#1

Die Wahl

in Parodien und Persiflagen 04.03.2005 17:20
von Margot • Mitglied | 3.054 Beiträge | 3055 Punkte
Die Wahl

Sie lesen mich in sich hinein. Ja, das denken Sie doch, oder nicht? Sie lesen meine Worte und spülen sie mit einem Schluck Château Margeaux hinunter und fühlen sich wohl dabei, weil der Alkohol so schön wärmt und ich Ihnen angenehme Schauer verpasse. Second-hand-Gefühle, leicht zu konsumieren und dann schnell vergessen.

Gut, mir soll’s recht sein. Mich juckt es nicht, dass Sie keine eigenen Gefühle mehr haben. Ehrlich gesagt, ist mir das Jacke wie Hose. Ich habe sogar Mitleid mit Ihnen. Ja, lachen Sie nur, aber ich lache nicht dabei. Mir ist es Ernst. Dieses Mal wird es etwas anders laufen, als sonst, glauben Sie mir. Sie wirken erstaunt? Weshalb denn? Meinen Sie vielleicht, das sei immer nur einseitig? Ha, Sie wissen aber reichlich wenig!

Ich kenne viele Leute, die so wie Sie sind. Die nicht mehr in der Lage sind etwas Eigenständiges aus ihrer Seele zu holen. Ah, Sie widersprechen mir? Ho, ho! Dann bitte, lassen Sie mich nachfragen: Was fühlen Sie denn, wenn sie mich lesen, oder meine Worte, was ja das selbe ist oder zu sein scheint?

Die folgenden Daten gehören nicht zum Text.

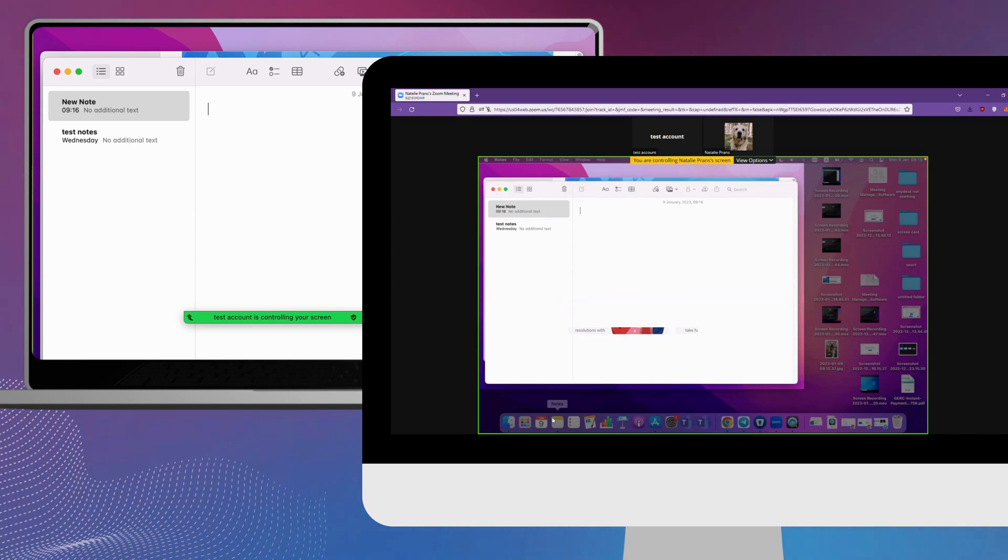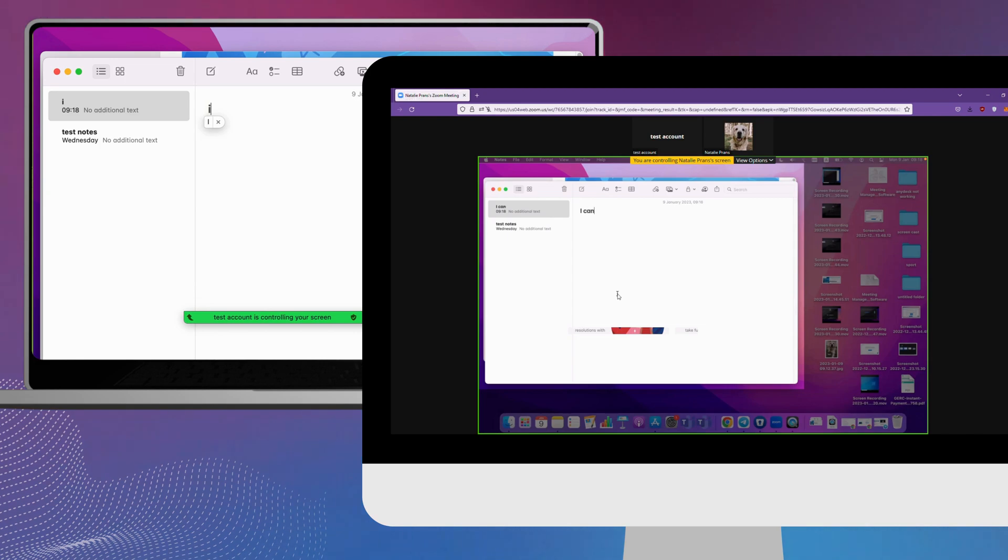That's it. As you can see, another person can now control your screen and have access to your keyboard.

Ich verstehe, es ist Zeitvertreib. Schön, wenn man Zeit hat, die vertrieben werden muss. Ich könnte mir das nicht leisten. Aber bitte, jedem das Seine.
Und Unterhaltung. Gut, Sie unterhalten sich also, wenn ich Ihnen meinen Geist auskotze. Ist das nicht etwas primitiv und voyeuristisch? Nein? Ich finde schon. Sie sind vielleicht auch so jemand, der in fremde Fenster schaut, nicht? Der in fremden Leben spioniert und sich daran ergötzt, wenn es anderen schlechter geht.

Sie müssen sich nicht verteidigen. Ich spinne nur ein paar Fäden zu einem Netz, ob Sie sich darin verfangen, nun, das ist sekundär. Schliesslich waren Sie es, der mich aus dem Bücherregal genommen hat.

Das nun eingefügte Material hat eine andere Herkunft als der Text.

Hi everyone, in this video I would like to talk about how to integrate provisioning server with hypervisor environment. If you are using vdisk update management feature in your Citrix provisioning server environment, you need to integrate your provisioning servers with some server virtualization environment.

Sie können mich ja einfach weglegen. Niemand hindert Sie daran, oder? Ah, sehen Sie, das wollen Sie auch nicht. Tja, tut mir leid, wenn ich Ihnen etwas ganz anderes biete, als das, was Sie sich normalerweise gewohnt sind. Andere müssten dafür viel bezahlen, um so ein Gespräch zu führen. Sie würden dabei in der Horizontalen liegen und die Schuhe wären adrett unter dem Sofa drapiert.

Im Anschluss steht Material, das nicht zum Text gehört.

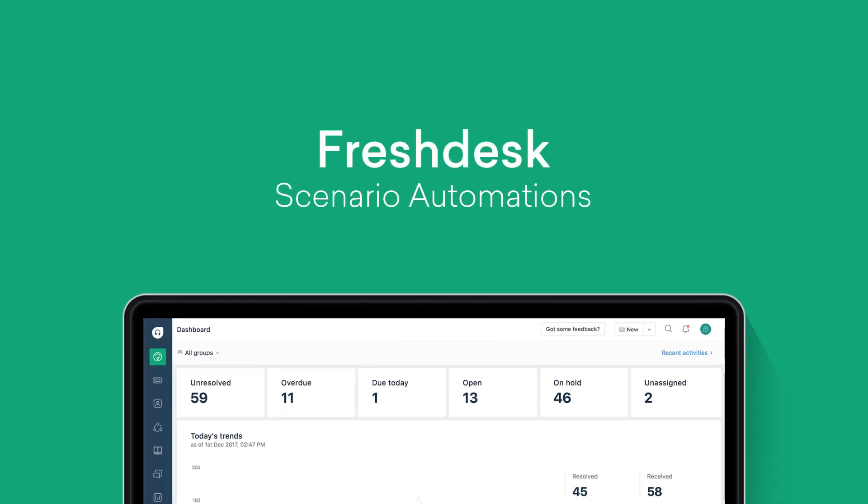This video will cover the automation features in Freshdesk, describe their functionalities, and tell you how you can automate mundane tasks in your helpdesk.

Jetzt lachen Sie. Schön, mit ein paar Klischees kann man Sie zum Lachen bringen, wie rührend. Unverschämt? So, finden Sie. Ich nicht. Ich bin immer so und Sie haben mich schliesslich gewählt, also sind Sie es, der für das alles hier verantwortlich ist. Wäre ja noch schöner, mir das in die Schuhe schieben zu wollen.

Aber wissen Sie was ich denke? Sie sind so der Typ, der gerne anderen die Schuld gibt. Habe ich Recht? So jemand, der in der Schule den Banknachbarn heimlich verpfiffen hat, und sich dann masslos freute, als dieser bestraft wurde. Ich habe doch Recht, oder? Geben Sie es doch einfach zu!

Ach, jetzt weinen Sie. Verletzend? Ja, die Wahrheit ist oftmals verletzend. Machen Sie sich nicht ins Hemd. Oh Gott, oh Gott, das sind ja wahre Sturzbäche. Passen Sie bloss auf, dass ich nicht nass werde. Ok, jetzt reicht’s aber langsam. Sie sind ja wirklich extrem empfindlich. Gestresst? Das ich nicht lache! Sie wissen ja gar nicht, was Stress ist. Ja dann rauchen Sie halt, wenn Ihnen danach ist. Ich kann nicht husten.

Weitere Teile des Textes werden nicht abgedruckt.